HerStory

This week’s title has us excited to use it in the classroom: HerStory designed by Nick Bentley, Emerson Matsuuchi, and Danielle Reynolds, published by @underdog.games. HerStory has been on our radar for a while and back in April we were lucky enough to attend a panel starring Matsucchi at the #LITableTopGameExpo in which he dished about designing this and some of his other titles that supercharged our enthusiasm.

This game seems tailored for use in English and social studies courses. The game features simple open drafting and set collection mechanisms that make it easy to pick up. Where this game shines is the Chapter Cards - each spotlighting a remarkable woman from history. Every Chapter Card has a stunning portrait of a famous woman, and on the card’s reverse is a brief biography and “did you know?” fact about her. The information is concise and digestible, and could serve as a model for students in grades 6-8. It would be a neat assignment to have students research women not featured in the game and generate their biographies. At the higher levels, educators might make use of the game’s research tokens. These tokens feature symbols that represent reading, thinking, interviewing, and searching. With a little creativity these could be transformed into criteria for a deeper research project.
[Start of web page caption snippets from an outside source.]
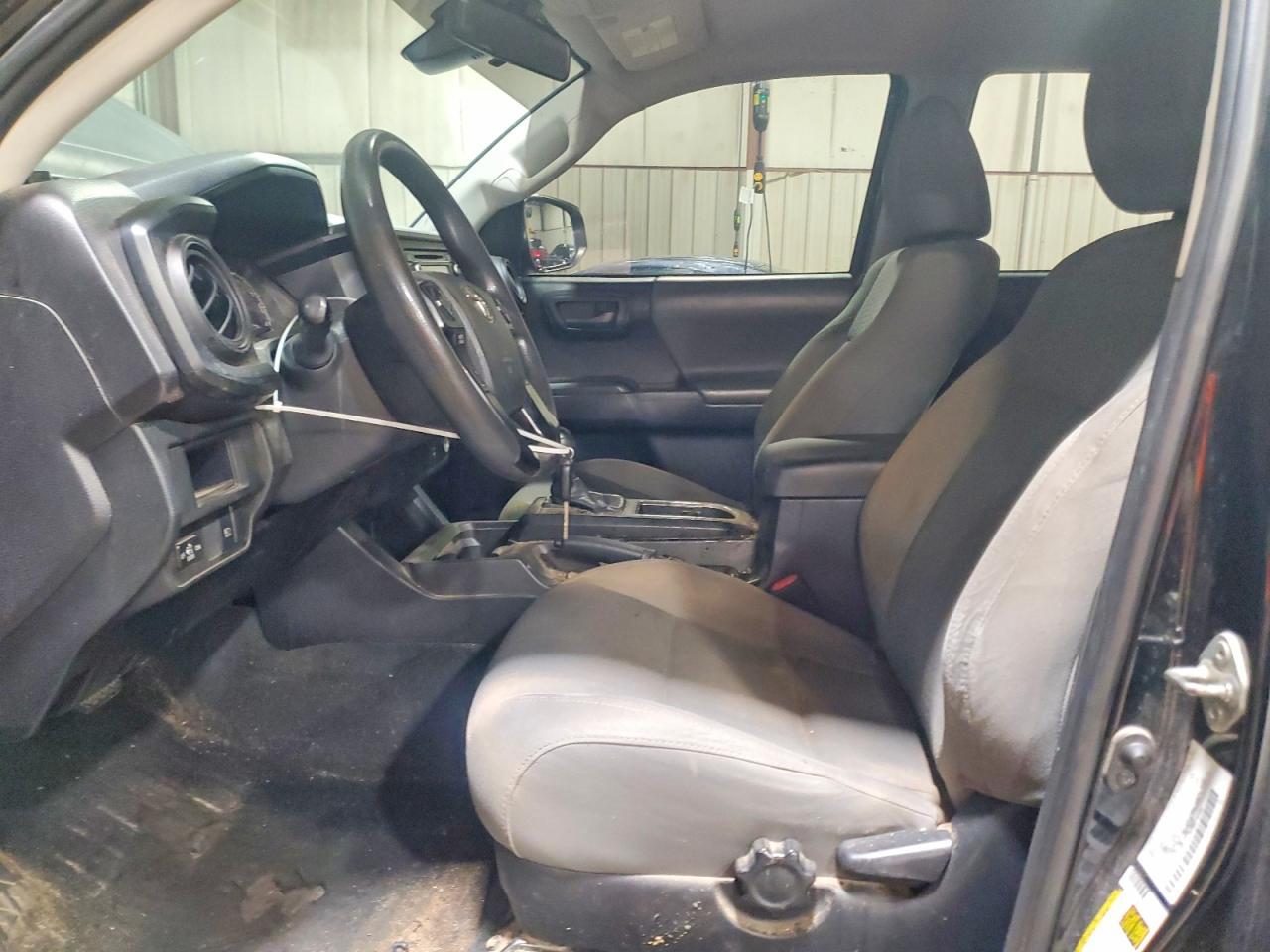 2018 Toyota Tacoma SR V6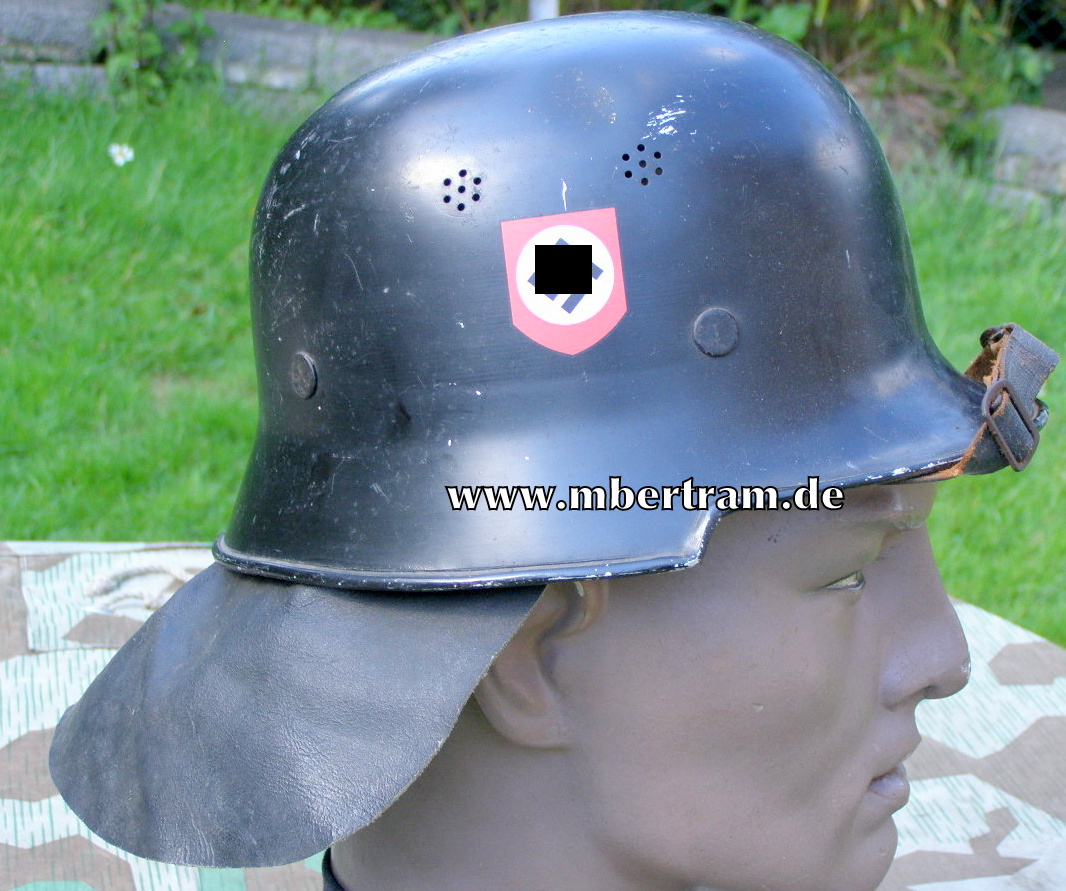 Original Feuerlöschpolizei Stahlhelm, erneuerte Abzeichen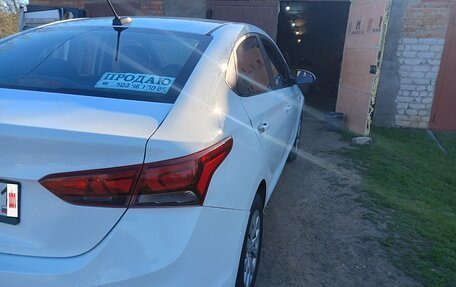 Hyundai Solaris II рестайлинг, 2017 год, 635 000 рублей, 9 фотография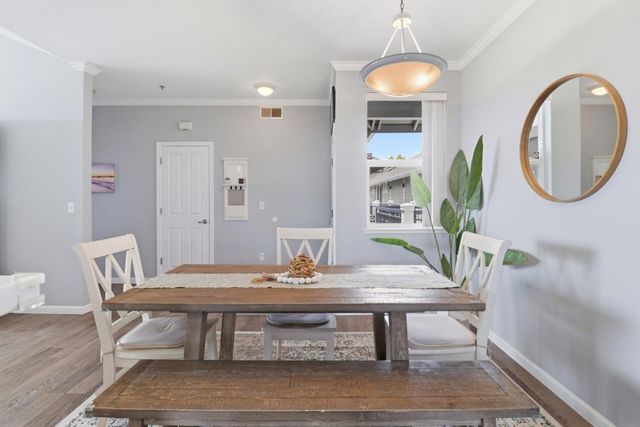 1982 W Bayshore Road 237, East Palo Alto, CA 94303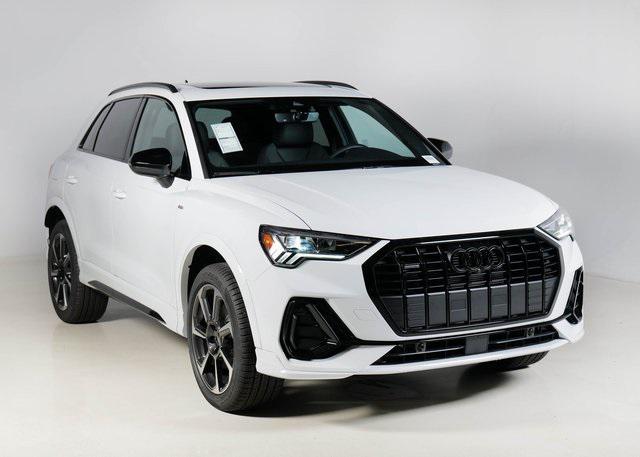 Photo of 2025 White Audi Q3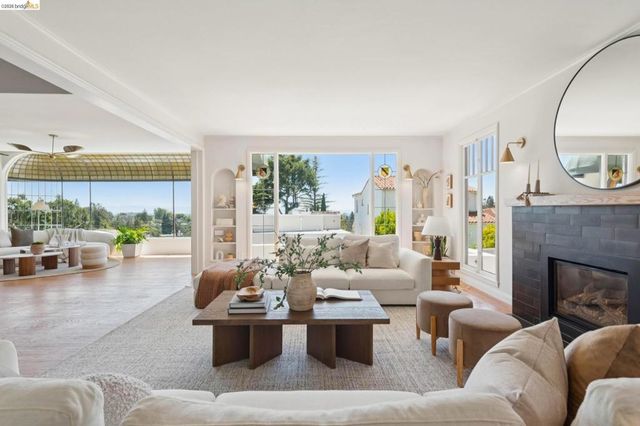 893 Glendome Circle, Oakland, CA 94602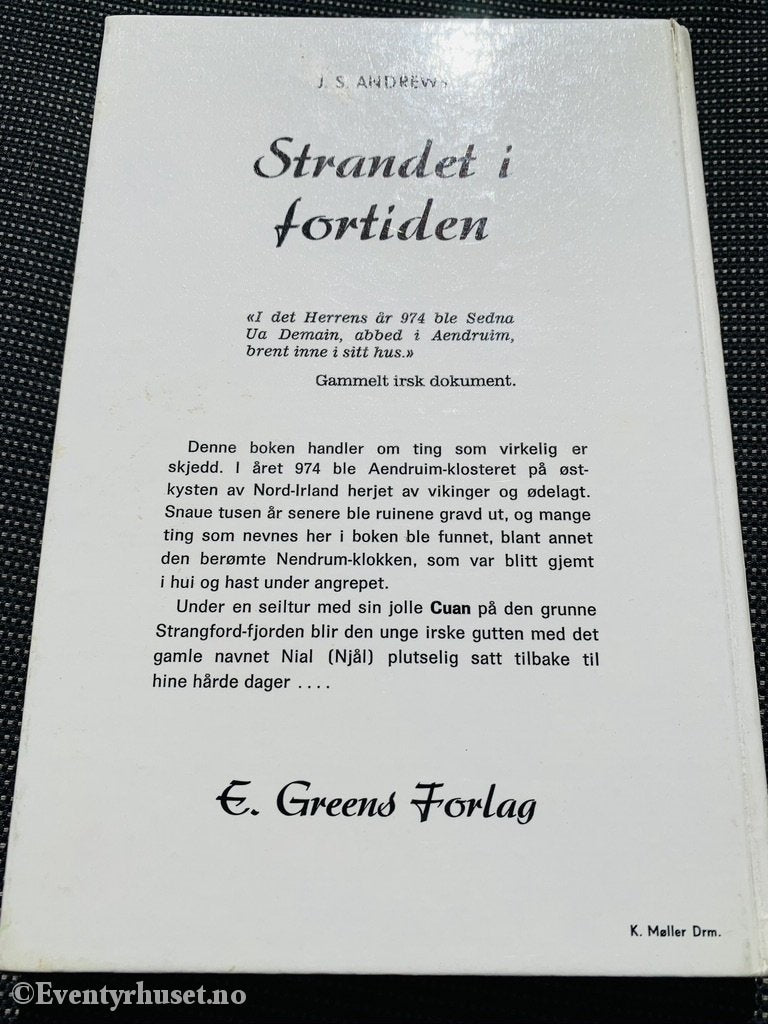 J. S. Andrews. 1969. Strandet I Fortiden. Fortelling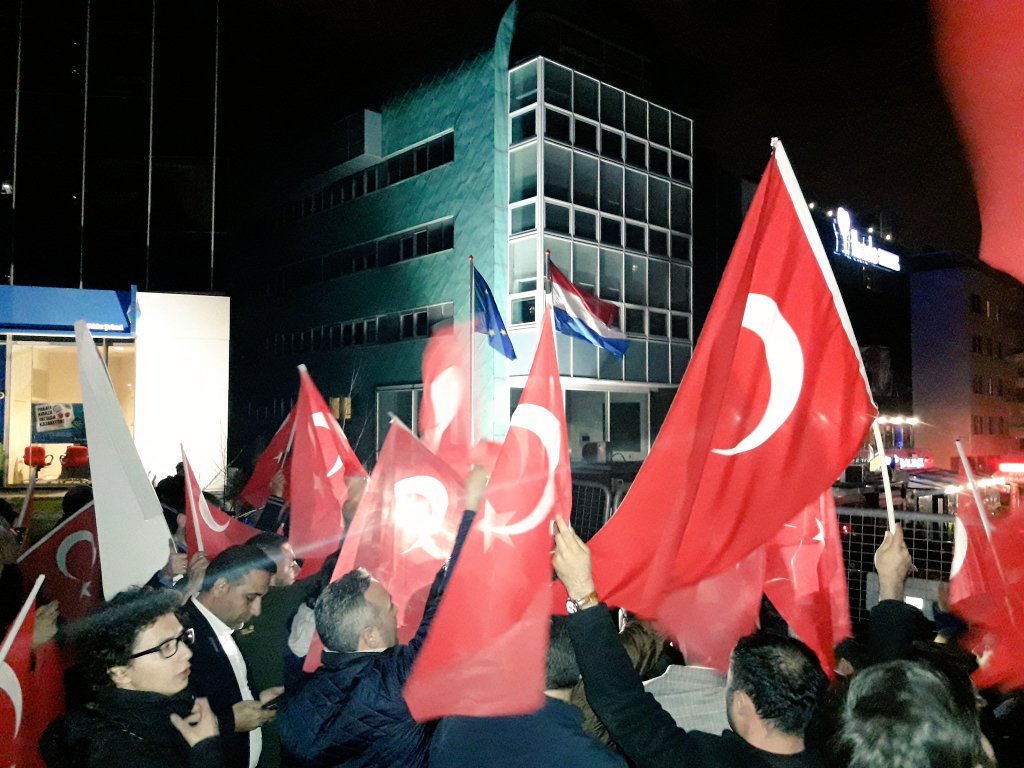 ismail066's tweet photo. #EvetAvrupaTitriyor Bayrağımızın kırmızı olması tesadüf değildir @MevlutCavusoglu @drbetulsayan @mustafaguness @kurtcancelebi @mstfsenn https://t.co/LgZWh6VIF1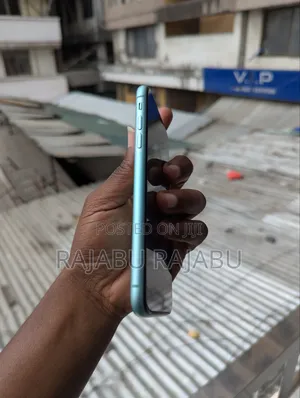 Apple iPhone 11 64 GB Green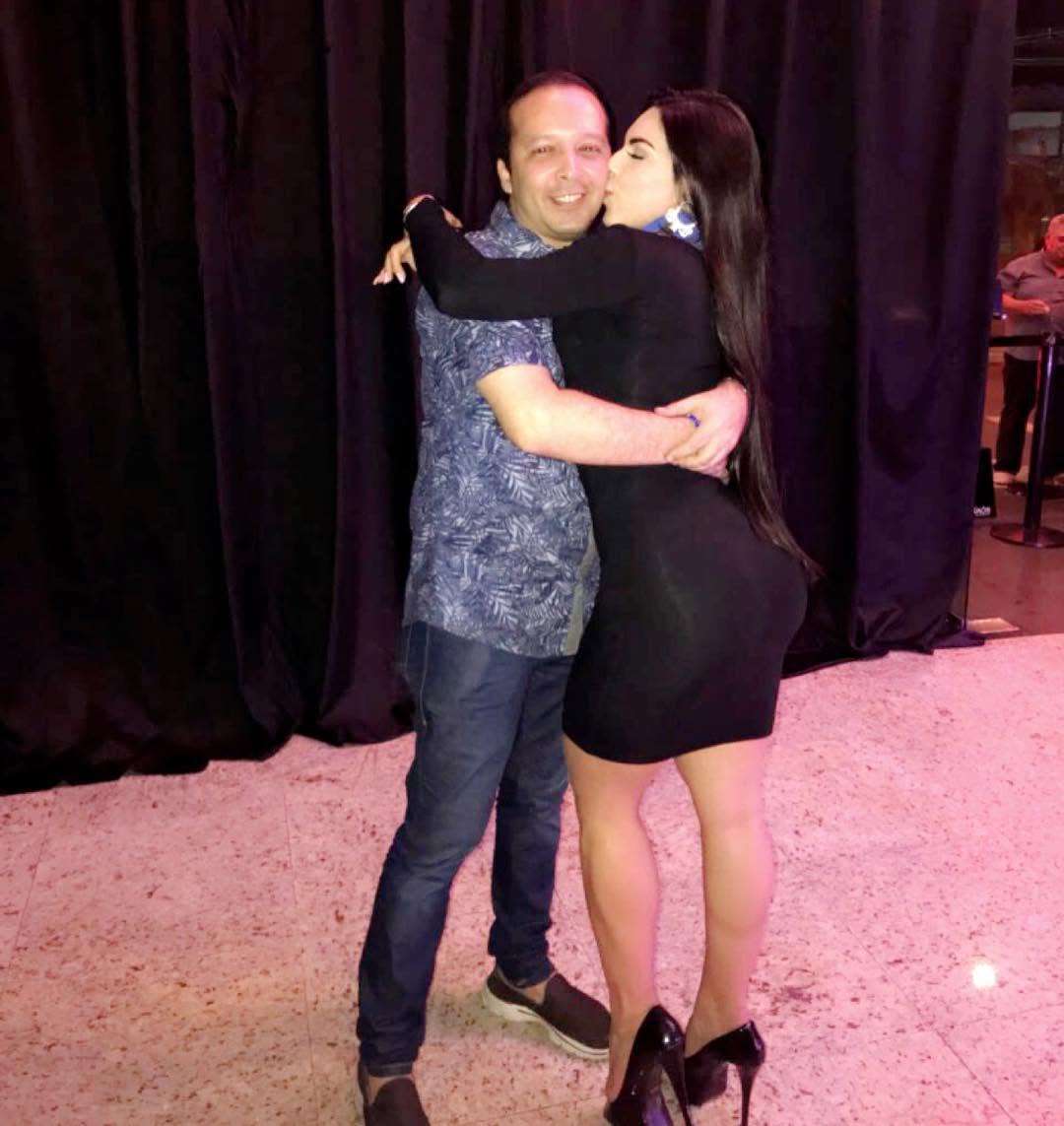 Queria muito expor tudo que eu sei sobre você o cara magnífico inteligente e amigo, que você e, claro as vezes extremamente chato com seus ciúmes e cuidados . Ele me apresentou um mundo que achei que era impossível eu viver, quem diria que uma menina com 1:58 de altura, com um cabelo preto liso e batendo lá na coxa seria modelo, que iria desfilar no meio de meninas com 1:65 ou um 1:80, ele me colocou lá e acreditou em mim, sai feito louca atrás do meu primeiro salto de 15 centímetros só pra tent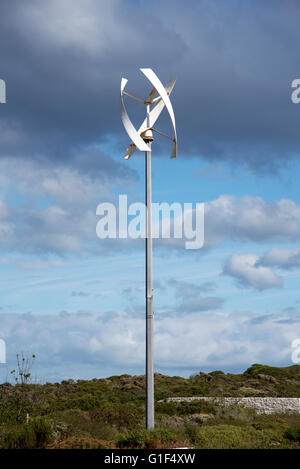 WESTERN CAPE AFRIQUE DU SUD . Une petite éolienne avec trois lames debout dans les terrains d'Afrique australe Banque D'Images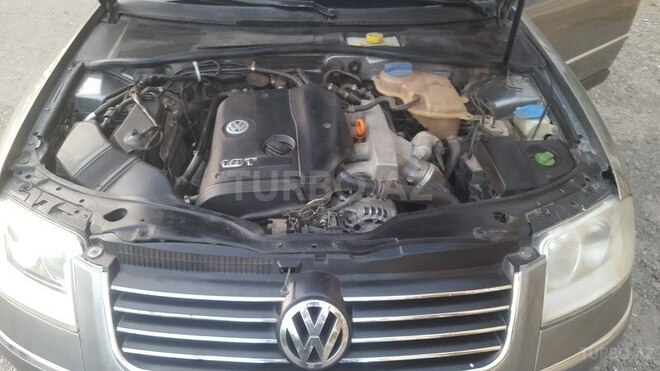 Volkswagen Passat 2003, 256,634 km - 1.8 л - Gəncə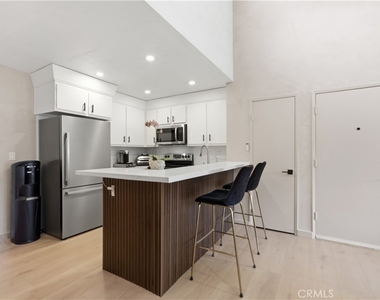 25039 Peachland Avenue - Photo Thumbnail 4
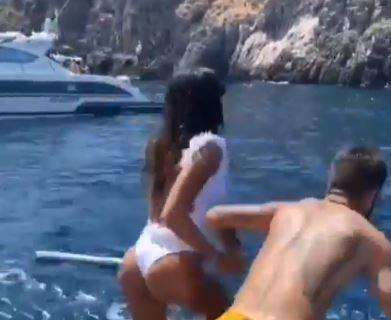 VIDEO - Insigne si diverte in Costiera Amalfitana, tuffi in compagnia di Jenny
Perhaps students write a deep dive on figures from the game or research a new candidate to recommend by citing what experts have written about her (reading), evaluating her contributions to history (thinking), quoting interviews from or about her (interviewing), and researching her influence (searching).

One potential drawback is that there is little just-in-time learning - students are not necessarily learning to research while playing this game. However, we are confident that a teacher could (and should) use this game as a tool for engagement and viable research projects.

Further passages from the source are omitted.